# DATA PROVIDED:

---+---

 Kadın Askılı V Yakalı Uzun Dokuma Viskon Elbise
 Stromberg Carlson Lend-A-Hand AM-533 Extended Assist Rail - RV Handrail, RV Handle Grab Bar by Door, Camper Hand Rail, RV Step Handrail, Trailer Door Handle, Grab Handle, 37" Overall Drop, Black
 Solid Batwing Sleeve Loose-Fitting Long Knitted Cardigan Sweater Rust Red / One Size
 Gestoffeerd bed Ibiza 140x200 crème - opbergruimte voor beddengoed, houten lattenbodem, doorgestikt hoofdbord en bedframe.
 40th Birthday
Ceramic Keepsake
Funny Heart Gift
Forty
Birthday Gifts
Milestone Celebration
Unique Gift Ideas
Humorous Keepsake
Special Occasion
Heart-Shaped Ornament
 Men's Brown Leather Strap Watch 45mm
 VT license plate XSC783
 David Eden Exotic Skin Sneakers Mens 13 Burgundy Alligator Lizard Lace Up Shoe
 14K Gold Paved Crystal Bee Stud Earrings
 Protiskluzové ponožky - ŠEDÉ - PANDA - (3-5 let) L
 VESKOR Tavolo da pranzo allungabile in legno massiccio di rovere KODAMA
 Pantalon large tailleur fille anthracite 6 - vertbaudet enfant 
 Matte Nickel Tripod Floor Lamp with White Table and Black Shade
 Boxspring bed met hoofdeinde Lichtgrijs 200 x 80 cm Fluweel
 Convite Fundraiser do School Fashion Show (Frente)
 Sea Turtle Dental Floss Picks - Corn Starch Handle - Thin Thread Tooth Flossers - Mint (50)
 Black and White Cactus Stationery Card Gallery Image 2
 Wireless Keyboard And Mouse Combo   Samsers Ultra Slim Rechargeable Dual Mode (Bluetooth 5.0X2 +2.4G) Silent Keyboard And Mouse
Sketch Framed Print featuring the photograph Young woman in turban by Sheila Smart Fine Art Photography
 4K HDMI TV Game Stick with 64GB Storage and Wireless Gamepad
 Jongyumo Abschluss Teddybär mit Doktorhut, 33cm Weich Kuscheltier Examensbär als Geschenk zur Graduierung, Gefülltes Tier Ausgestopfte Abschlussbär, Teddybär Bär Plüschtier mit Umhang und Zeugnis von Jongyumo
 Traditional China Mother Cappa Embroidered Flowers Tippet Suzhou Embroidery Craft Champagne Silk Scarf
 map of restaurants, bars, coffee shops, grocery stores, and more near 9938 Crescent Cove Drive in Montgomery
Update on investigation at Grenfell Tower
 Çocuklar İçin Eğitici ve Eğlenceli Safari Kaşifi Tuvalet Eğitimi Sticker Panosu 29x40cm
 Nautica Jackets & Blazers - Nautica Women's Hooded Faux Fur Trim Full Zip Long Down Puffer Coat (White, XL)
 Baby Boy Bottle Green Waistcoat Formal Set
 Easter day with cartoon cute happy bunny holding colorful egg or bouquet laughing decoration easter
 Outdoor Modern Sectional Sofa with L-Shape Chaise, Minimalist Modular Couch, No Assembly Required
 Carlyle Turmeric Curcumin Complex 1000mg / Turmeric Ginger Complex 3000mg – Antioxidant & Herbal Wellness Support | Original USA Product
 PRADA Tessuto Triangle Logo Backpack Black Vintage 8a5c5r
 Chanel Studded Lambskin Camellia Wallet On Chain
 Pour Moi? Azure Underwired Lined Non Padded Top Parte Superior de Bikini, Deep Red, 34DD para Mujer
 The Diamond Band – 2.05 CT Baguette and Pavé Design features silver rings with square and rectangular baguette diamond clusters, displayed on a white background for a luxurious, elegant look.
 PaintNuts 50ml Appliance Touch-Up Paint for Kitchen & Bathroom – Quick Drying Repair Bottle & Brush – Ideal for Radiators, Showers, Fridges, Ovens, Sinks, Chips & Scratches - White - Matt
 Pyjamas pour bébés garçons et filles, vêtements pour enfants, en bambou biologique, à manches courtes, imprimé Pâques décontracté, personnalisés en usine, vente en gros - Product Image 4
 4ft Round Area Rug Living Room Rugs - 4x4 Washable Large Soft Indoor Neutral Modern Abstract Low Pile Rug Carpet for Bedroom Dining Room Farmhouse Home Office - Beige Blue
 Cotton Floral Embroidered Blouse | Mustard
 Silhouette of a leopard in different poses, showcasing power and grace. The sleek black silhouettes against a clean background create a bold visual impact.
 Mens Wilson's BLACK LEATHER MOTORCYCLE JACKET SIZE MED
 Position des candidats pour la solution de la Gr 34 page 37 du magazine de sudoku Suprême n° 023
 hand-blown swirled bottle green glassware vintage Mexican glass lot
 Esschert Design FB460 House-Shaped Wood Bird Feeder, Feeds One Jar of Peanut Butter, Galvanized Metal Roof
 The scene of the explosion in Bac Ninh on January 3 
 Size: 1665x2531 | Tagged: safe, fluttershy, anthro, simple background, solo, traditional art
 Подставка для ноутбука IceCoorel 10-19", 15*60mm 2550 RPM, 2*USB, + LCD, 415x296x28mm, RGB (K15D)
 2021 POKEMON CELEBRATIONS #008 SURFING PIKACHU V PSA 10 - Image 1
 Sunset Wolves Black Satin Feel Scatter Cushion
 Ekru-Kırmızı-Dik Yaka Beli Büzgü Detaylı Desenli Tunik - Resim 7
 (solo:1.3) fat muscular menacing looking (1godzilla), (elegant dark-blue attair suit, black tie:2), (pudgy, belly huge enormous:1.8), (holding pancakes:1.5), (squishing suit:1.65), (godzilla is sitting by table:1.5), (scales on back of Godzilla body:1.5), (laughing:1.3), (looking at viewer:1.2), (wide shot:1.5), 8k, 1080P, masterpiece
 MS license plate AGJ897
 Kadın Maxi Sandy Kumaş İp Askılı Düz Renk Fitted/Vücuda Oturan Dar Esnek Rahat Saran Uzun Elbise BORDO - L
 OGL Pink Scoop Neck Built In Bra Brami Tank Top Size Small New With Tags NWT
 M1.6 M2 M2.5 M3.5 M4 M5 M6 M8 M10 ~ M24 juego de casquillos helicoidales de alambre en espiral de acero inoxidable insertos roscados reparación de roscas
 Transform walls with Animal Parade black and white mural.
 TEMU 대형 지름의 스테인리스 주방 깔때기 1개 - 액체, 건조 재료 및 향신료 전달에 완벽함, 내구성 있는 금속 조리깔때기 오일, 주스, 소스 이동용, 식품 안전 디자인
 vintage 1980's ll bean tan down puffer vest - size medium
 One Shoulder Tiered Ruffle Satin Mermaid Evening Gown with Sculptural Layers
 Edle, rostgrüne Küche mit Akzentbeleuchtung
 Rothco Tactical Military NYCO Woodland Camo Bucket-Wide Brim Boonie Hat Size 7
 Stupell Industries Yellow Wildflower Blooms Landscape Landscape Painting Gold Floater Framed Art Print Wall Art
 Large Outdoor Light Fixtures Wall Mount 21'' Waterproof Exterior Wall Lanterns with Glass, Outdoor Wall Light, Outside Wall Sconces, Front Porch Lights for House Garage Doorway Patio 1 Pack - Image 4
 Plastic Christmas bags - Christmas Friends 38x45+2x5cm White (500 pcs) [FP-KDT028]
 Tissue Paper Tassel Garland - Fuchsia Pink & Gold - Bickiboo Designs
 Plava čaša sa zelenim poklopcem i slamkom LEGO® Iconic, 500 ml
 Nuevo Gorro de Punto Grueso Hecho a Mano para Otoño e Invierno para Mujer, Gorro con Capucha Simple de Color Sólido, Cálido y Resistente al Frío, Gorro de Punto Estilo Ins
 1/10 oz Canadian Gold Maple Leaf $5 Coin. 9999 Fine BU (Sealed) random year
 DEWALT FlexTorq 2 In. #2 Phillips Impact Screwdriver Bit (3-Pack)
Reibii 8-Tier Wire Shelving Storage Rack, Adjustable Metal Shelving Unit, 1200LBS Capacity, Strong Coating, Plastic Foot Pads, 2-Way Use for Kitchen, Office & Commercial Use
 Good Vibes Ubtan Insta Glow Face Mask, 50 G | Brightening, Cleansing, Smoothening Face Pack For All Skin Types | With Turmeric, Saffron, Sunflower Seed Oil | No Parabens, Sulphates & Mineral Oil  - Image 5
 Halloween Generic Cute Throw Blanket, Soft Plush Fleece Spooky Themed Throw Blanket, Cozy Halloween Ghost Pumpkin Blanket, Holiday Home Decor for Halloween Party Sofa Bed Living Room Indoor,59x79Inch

---+---

# WHAT TO PRODUCE:
Lines in the records above that contain the word "Turmeric" need to be counted; the reply is that number and nothing else.

# ANSWER SECTION:
2